**TO DO:** In the entries that follow, find the line containing "Büyükşehir BESİ yolunu" and the line containing "IjahGGS's tweet photo.", then copy exactly everything from the first through the second except the pictures.

::: DATA FOR REVIEW :::

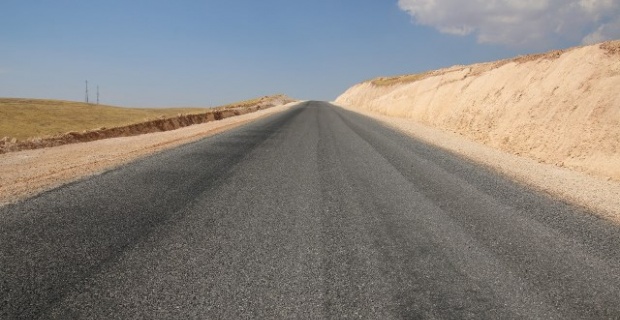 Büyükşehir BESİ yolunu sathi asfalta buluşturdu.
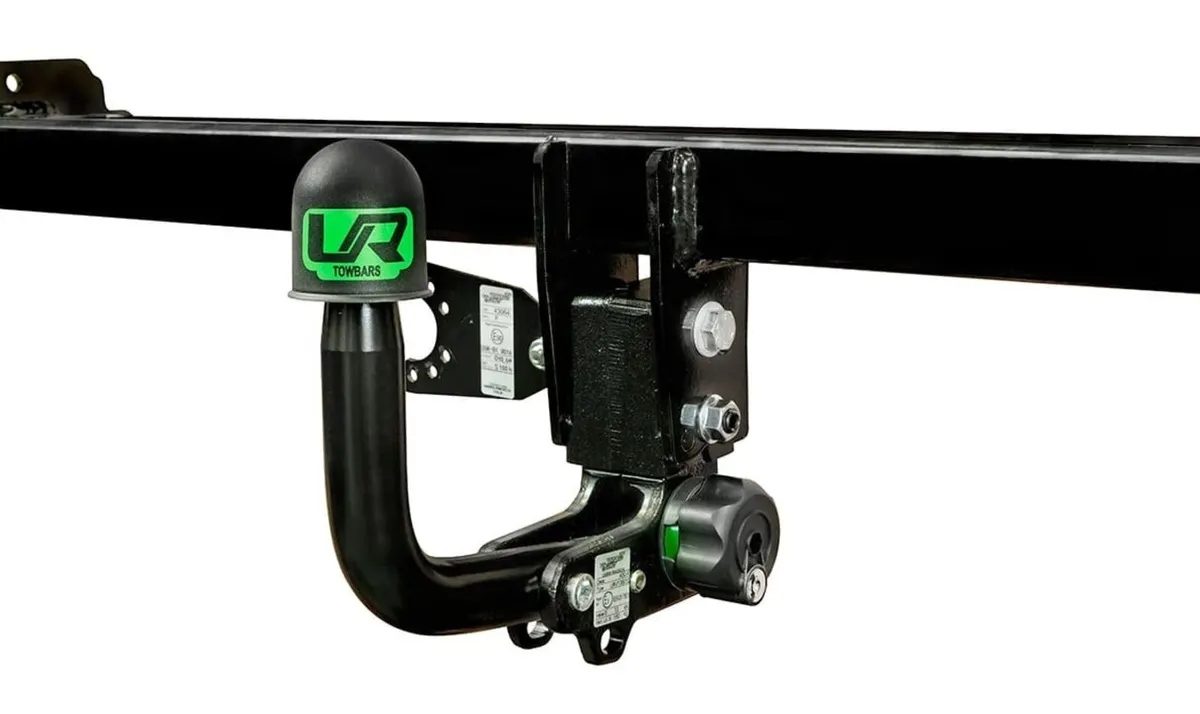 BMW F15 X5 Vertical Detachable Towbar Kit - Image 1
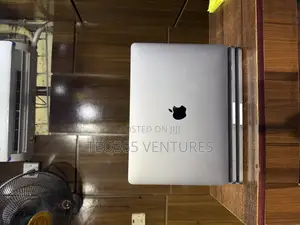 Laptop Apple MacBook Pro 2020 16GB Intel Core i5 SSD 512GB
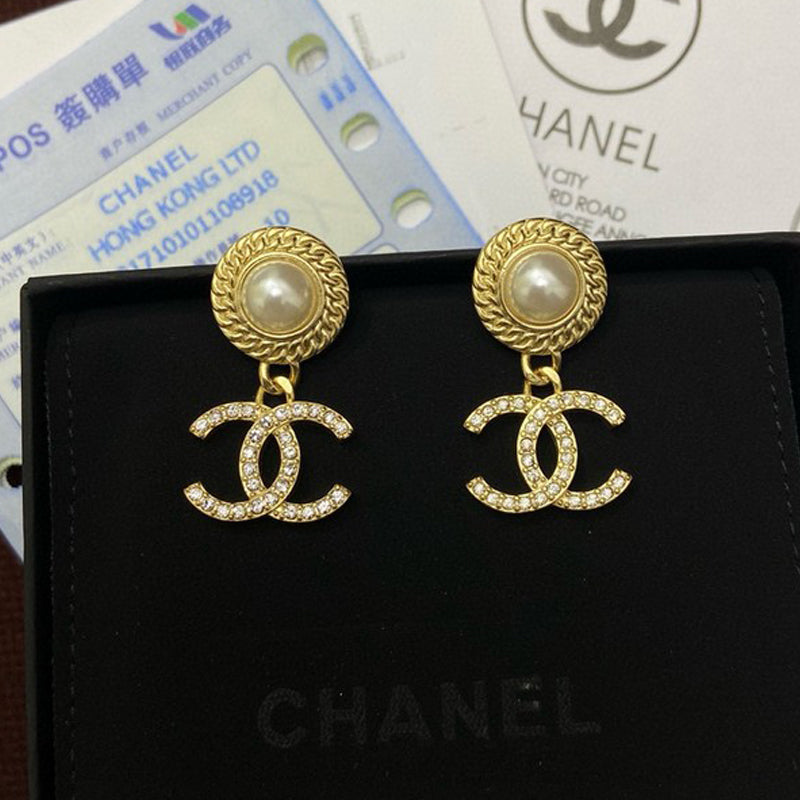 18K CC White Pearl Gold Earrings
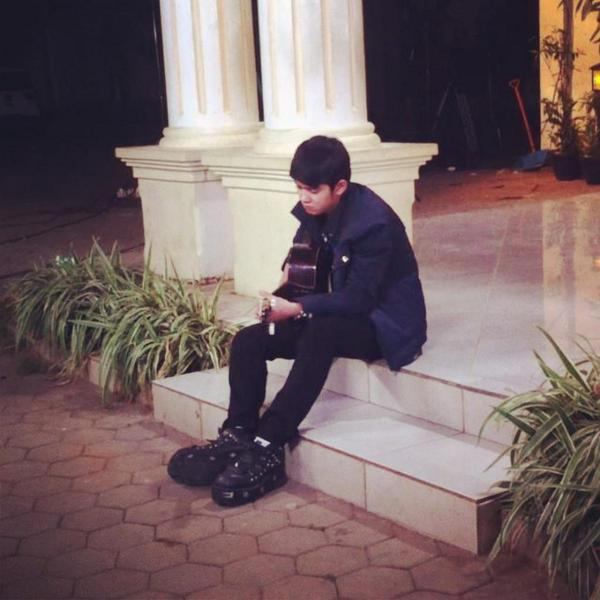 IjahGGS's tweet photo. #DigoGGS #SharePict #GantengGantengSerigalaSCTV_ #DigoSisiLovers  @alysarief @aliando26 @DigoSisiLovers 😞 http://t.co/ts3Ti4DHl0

:::
::: DATA FOR REVIEW :::

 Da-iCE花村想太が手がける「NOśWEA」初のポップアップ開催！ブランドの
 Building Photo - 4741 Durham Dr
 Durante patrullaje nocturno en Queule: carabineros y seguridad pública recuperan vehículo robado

:::
::: DATA FOR REVIEW :::

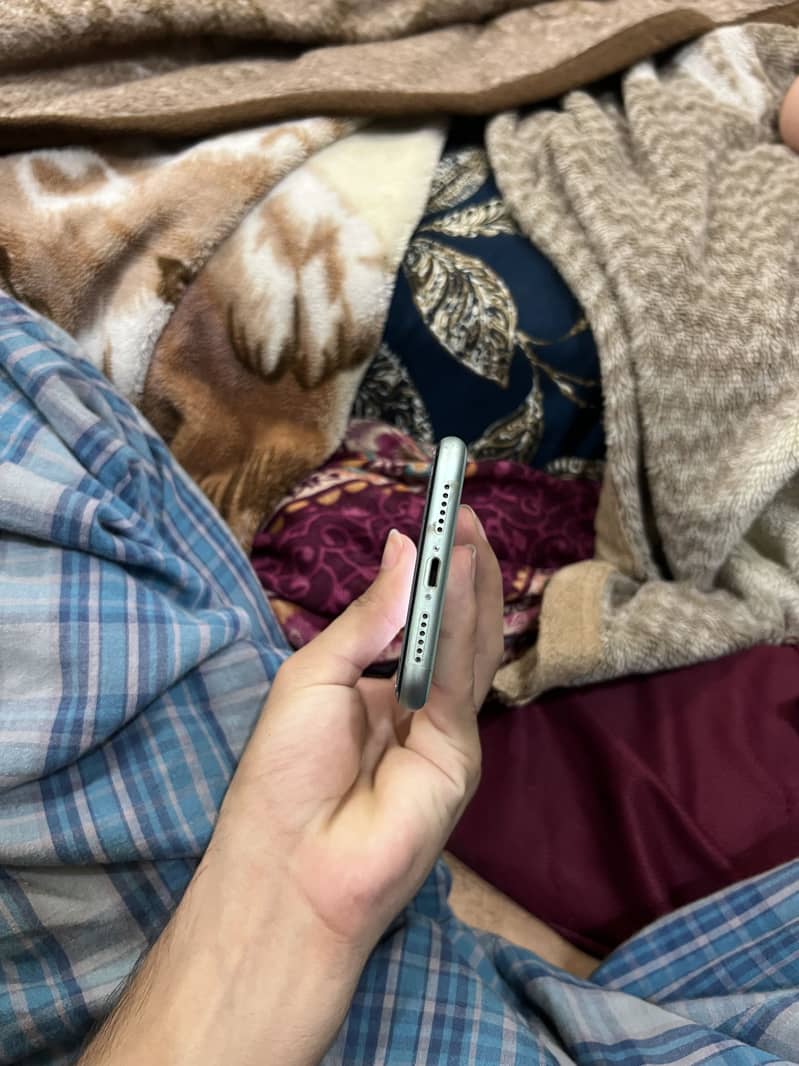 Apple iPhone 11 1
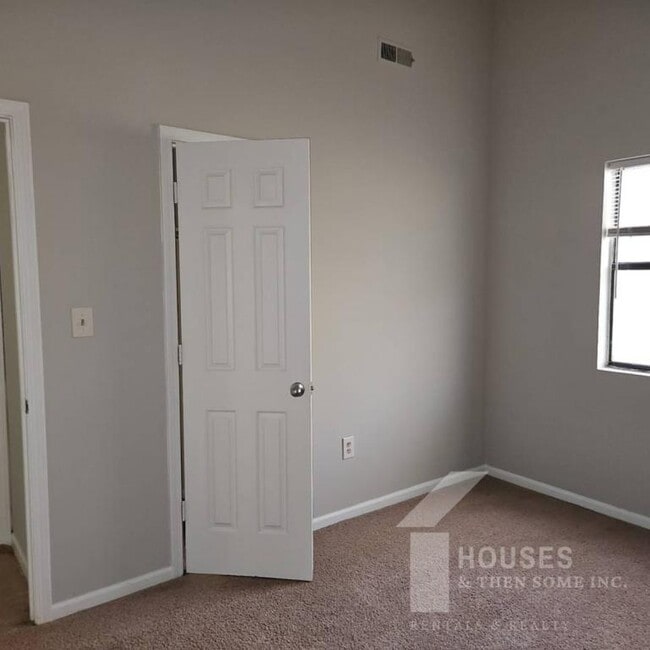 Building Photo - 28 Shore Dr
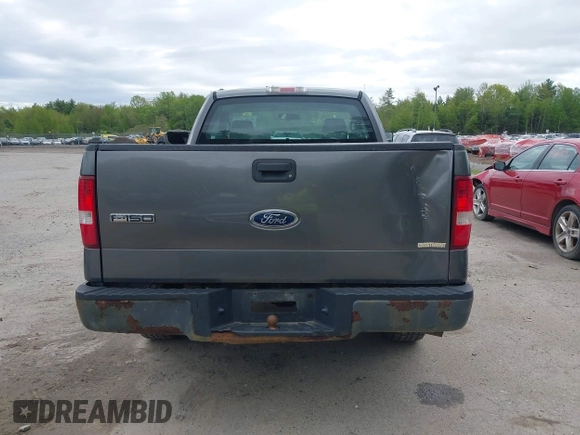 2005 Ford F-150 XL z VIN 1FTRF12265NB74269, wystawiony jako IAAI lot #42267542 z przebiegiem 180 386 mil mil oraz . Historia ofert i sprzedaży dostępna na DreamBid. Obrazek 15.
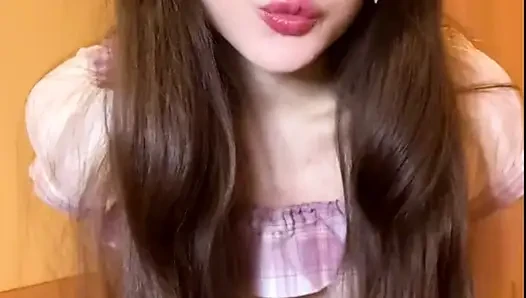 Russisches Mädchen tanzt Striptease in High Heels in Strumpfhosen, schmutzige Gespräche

:::

**RESPONSE:**
 Büyükşehir BESİ yolunu sathi asfalta buluşturdu.
 BMW F15 X5 Vertical Detachable Towbar Kit - Image 1
 Laptop Apple MacBook Pro 2020 16GB Intel Core i5 SSD 512GB
 18K CC White Pearl Gold Earrings
 IjahGGS's tweet photo. #DigoGGS #SharePict #GantengGantengSerigalaSCTV_ #DigoSisiLovers  @alysarief @aliando26 @DigoSisiLovers 😞 http://t.co/ts3Ti4DHl0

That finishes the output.